Talk Show Host
MIlls Crenshaw, has been in talk radio for 50 years. He believes that the voice of freedom should be heard. His show’s discussion changes almost daily, and he looks forward to discussing everything that’s topical with a local perspective
Thanks to his long career in talk radio, Mills seen and heard the effects of the issues and events that have impacted the nation through the decades. In November of 1987, when he was with AM 630, Utah’s politicians were forcing the state through a $386 million tax increase and had all of the television stations and newspapers behind them.
“I got a phone call from a little old lady and she broke down and started to cry,” Crenshaw said. “One of the things I’ve learned in the decades I’ve been on the air is there are times when you just shut up and listen. And I listened to her and when she got her voice again she said, ‘I don’t know what I’m going to do. Everyone is behind this tax increase and I don’t know how I’m going to buy food and pay my taxes at the same time.’ And I listened. And the phone lines lit up, and for two weeks, nobody wanted to talk about anything else.”
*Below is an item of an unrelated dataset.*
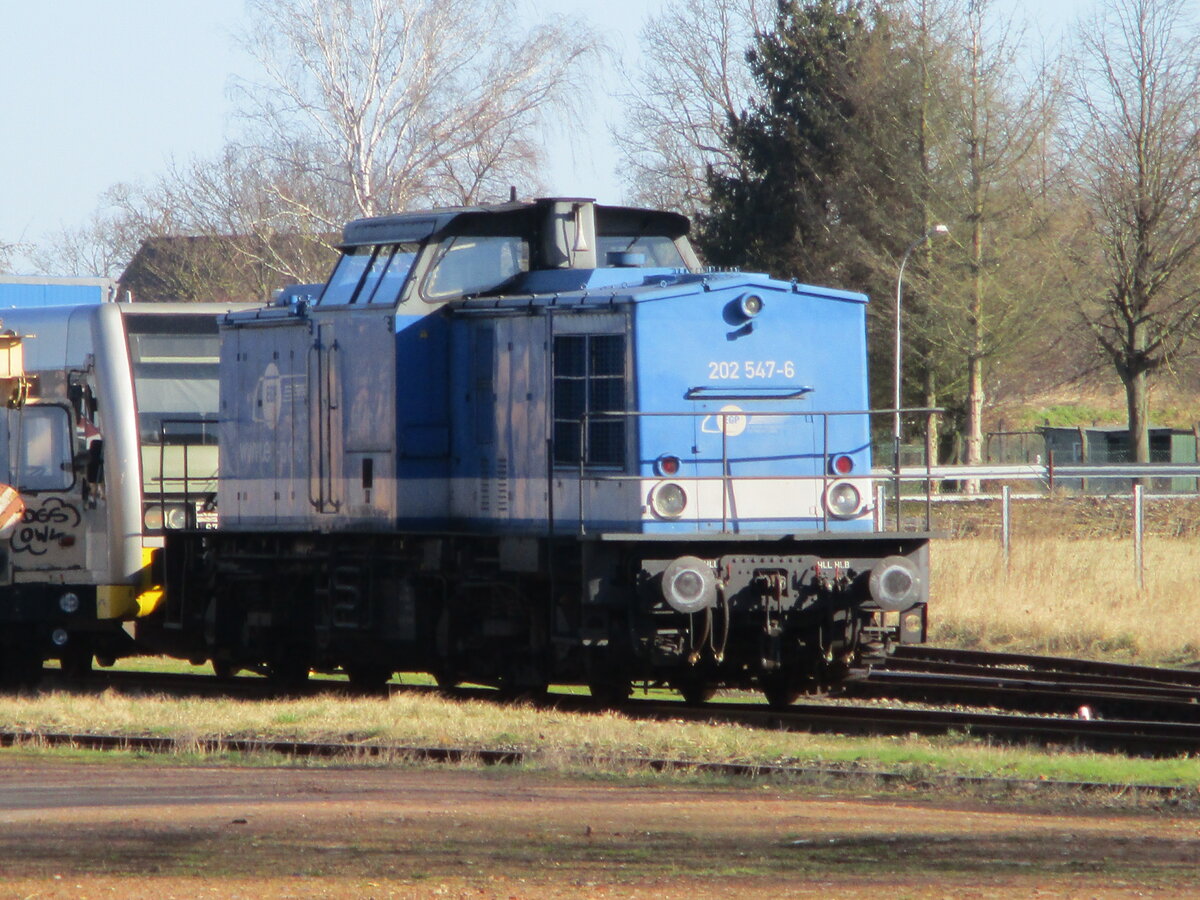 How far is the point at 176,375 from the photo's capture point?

After a few weeks, Crenshaw invited his audience to go up to the state Capitol and voice their concerns.
“We had over 10,000 people show up and the audience was yelling, ‘No more taxes, no more taxes.’”
They didn’t succeed in killing the tax but were able to get it cut in half, he said. And along with that, he was able, with his audience, to show the public that the people have a voice.
“That’s what talk radio is all about,” Crenshaw said. “These are real people with real issues and real needs.”